Дни теперь были заполнены всякого рода работами, но и разговорами.

Комарек трудится над сетью для верши. Разве не легкомысленно это было в первую же зиму приниматься за донную сеть! Ей-богу, есть много чего поважней! Весна нагрянет, а у него только семь вершей. Скатав большую сеть, он повесил ее на потолочную балку.

И опять сидит, молчит, в душе упрекая самого себя: бог ты мой, ночи-то стали уже короче!

— Не посылай его больше в Берлин! — вдруг раздается голос испанца.

Проходит полчаса. Оба молчат.

— Я не посылаю его. Если он едет, то по своей воле.

— Я бы не пускал.

Старику Комареку приходится сдерживать себя, когда он говорит с испанцем: его мучает ревность. Не нравится ему, что мальчишка так преклоняется перед испанцем. Сам ведь новую блестящую пряжку к поясу испанца пришил.

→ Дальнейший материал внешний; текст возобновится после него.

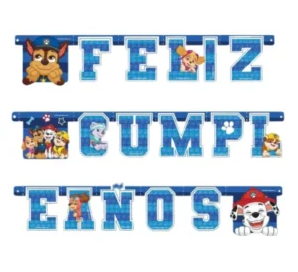 BANDERÍN FELIZ CUMPLEAÑOS PAW PATROL 1,6 METROS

— Не езди он в Берлин, ты бы давно концы отдал, — говорит Комарек.

Молчание.

— Уж не хочешь ли ты сказать, что ты его из-за меня в Берлин посылал?

— Я хочу сказать, что ты давно б концы отдал.

— Я могу и сегодня ночью уйти.

— Не нравится тебе у нас, никто тебя не держит.

— Что ж, так и сделаю.

— Никто тебя не держит.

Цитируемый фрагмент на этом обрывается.